With this integrated data tech stack, it was possible to feed in text from customer reviews and warranty claims to be processed by a Python NLP Engine in order to pull out key themes. The same data could also be fed into Amazon Comprehend to measure the sentiment behind the themes, and which products were most associated with certain sentiments. Finally, this robust sentiment analysis was loaded back into the BI tool, turning what was previously a 'needle in a haystack' exercise into a richly engaging data experience yielding very targeted analysis for business users.

Where in the past Skullcany had to wade through disparate, siloed data, now they can correlate a stream of negative sentiment to reviews that mention a defect on the left side of a headset. And even take it a step further to put a dollar value on that negative sentiment, by connecting those negative reviews on a product to the same product’s warranty claims. Incoming products with similar design and engineering could be given extra attention by product designers and engineers before going to market. And visualization how a fix could impact the warranty claim forecast was easy. Full circle data experience: achieved. 

Lessons learned

If you’re considering a similar investment in your company’s data strategy, there are a few lessons  learned along the way:

  1. Be open to false starts with data modeling. Like any other data project, it won’t be instantly clear what your data model should look like. And bringing the predictive models into the mix means you’re connecting data points from the past, the present, and the 'future' to build a model that provides actionable insights. It will be iterative. Be patient!
  2. Make the data easy to add to and modify. For the data team at Skullcandy, that meant using an easy to manipulate view in SQL as the main data source. This allowed the team to easily swap out code and change the view as they continued to build and iterate.
  3. You may not like what you see. It’s fun to explore the positive drivers and get lost in the positive reviews. One of the surprises that the NLP Engine identified in one product’s reviews was a predominance of the phrase 'for my son'. It was fun to think about why that might be. 

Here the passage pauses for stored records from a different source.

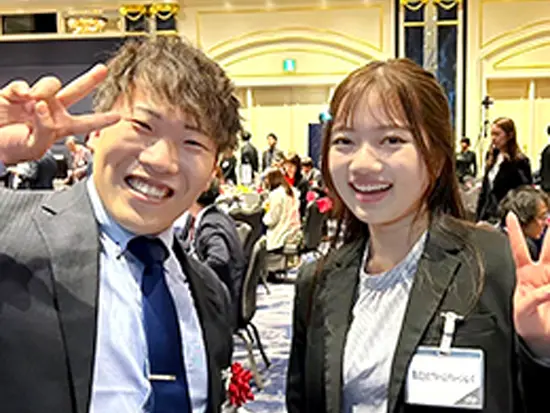 20～30代の社員が活躍中！フラットな目線で話せるから、部署を超えて仲良しです♪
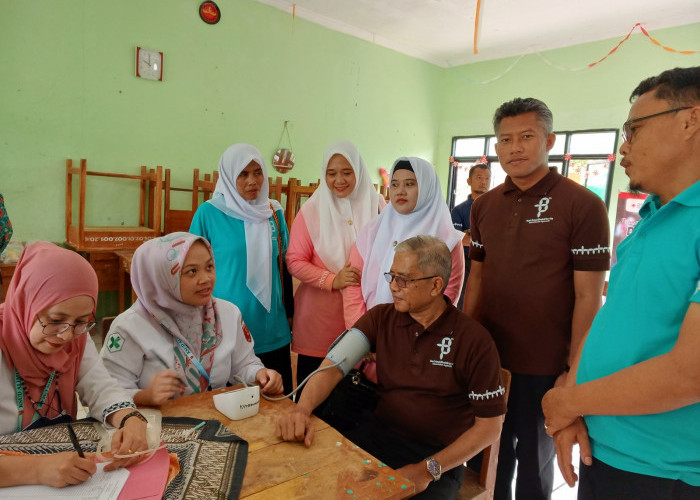 Semarakan HAB Ke-78, Kankemenag Lampung Barat Gelar Bhakti Sosial dan Donor Darah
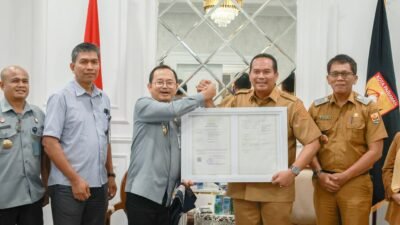 Batik Sampan Pariaman Resmi Kantongi Sertifikat Merek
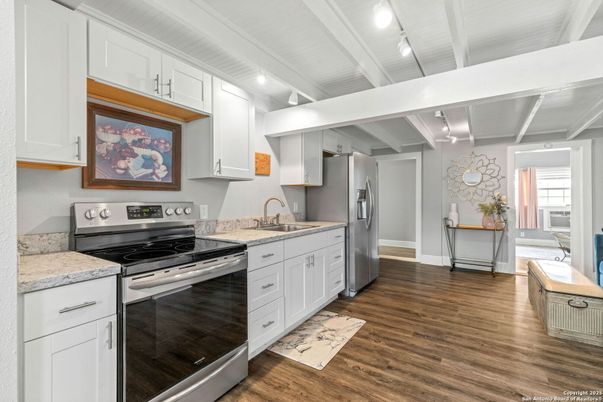 Interior, Kitchen, Stainless Steel Appliances, Wood Texture Flooring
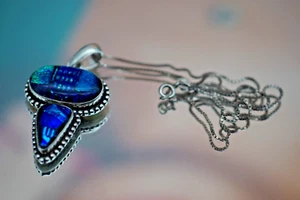 Vintage Sterling Silver 925 Pendant Necklace Blue Shimmering Stone 17.43g - Picture 1 of 11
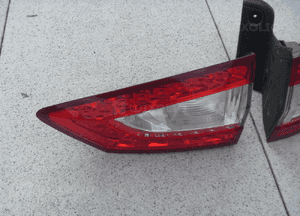Ford mondeo MK5 kombi zderzak tylny ładny 6 pdc 13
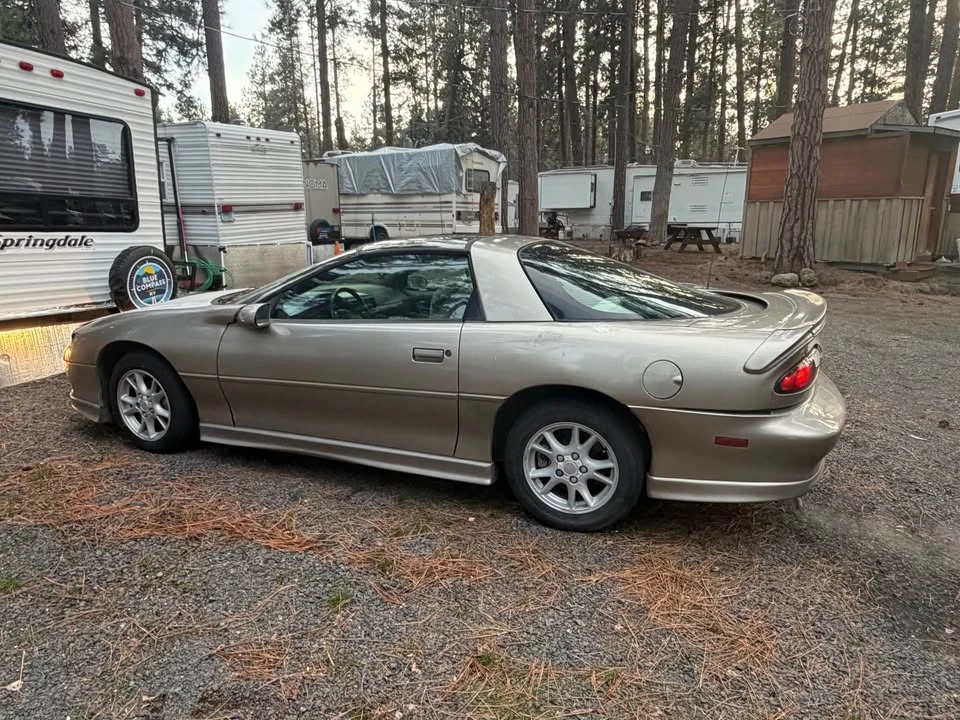 2001 Chevrolet Camaro 4th Gen - Image 7 of 8
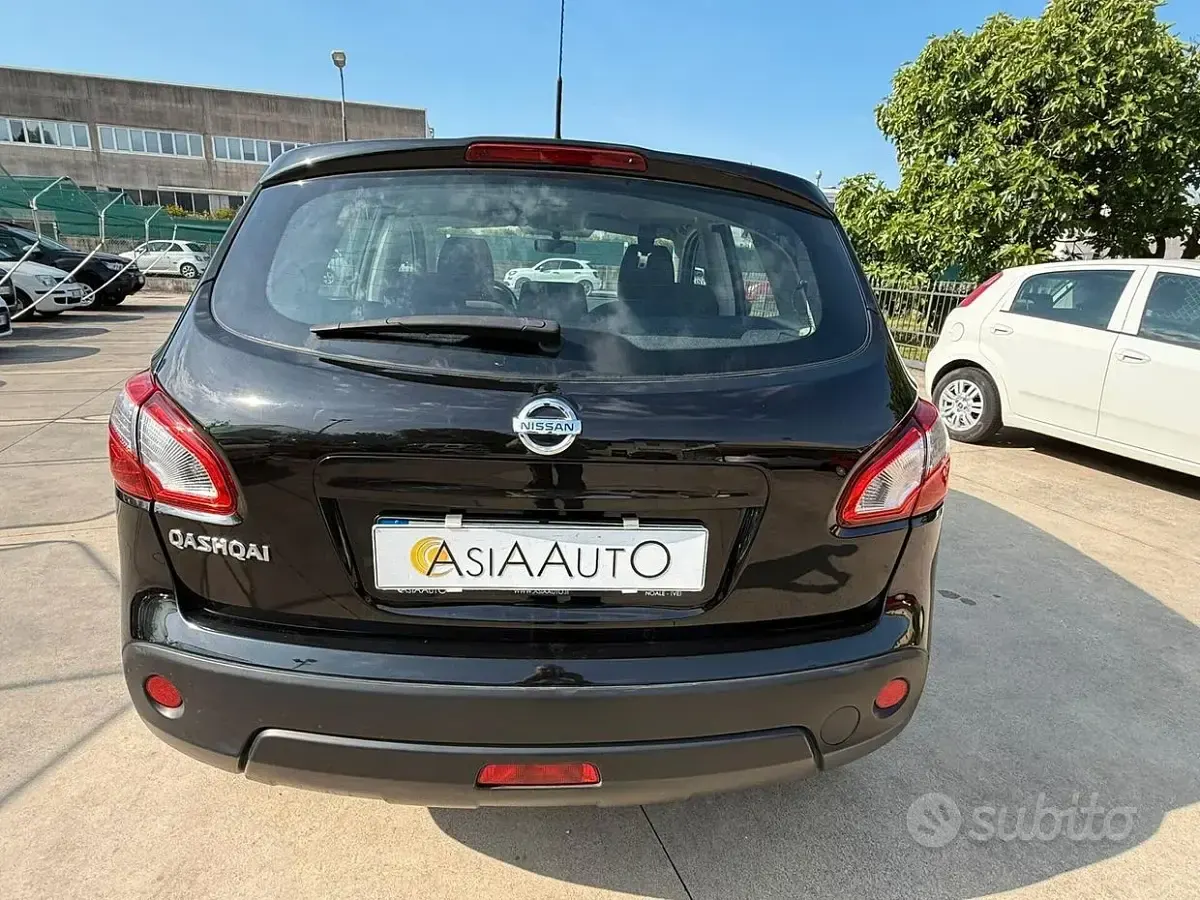 Usata Nissan Qashqai 117 CV (86 kW) 2011 Rosso SUV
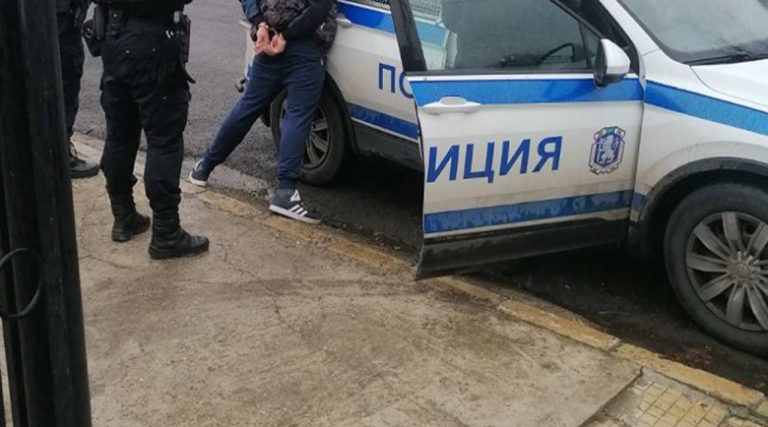 Сливенският „майстор“ на кражби от автомобили най-накрая е зад решетките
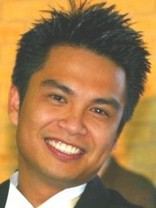 Person who looks like Michael Copon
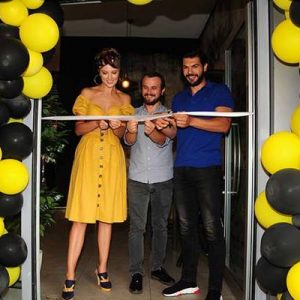 Oyuncu Tolga Mendi ile manken Şebnem Schaefer, ortak bir arkadaşlarının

    But Skullcandy also came face-to-face with some harsh reviews. Not as fun to read, but when you invest in advanced analytics, sometimes that’s exactly what you came for. Your goal is to identify what isn’t working for your customers so that future products can deliver what they want and need.

At Skullcandy, they’re happy to report that 'dropping in' to the predictive and sentiment analytics game was worth the initial uncertainty. They answered some of their most pressing questions, came up with some new insights we hadn’t originally considered, and this project has helped concretely demonstrate to the company what’s possible with advanced analytics.  As a result, they are further along on their journey as a data-driven company.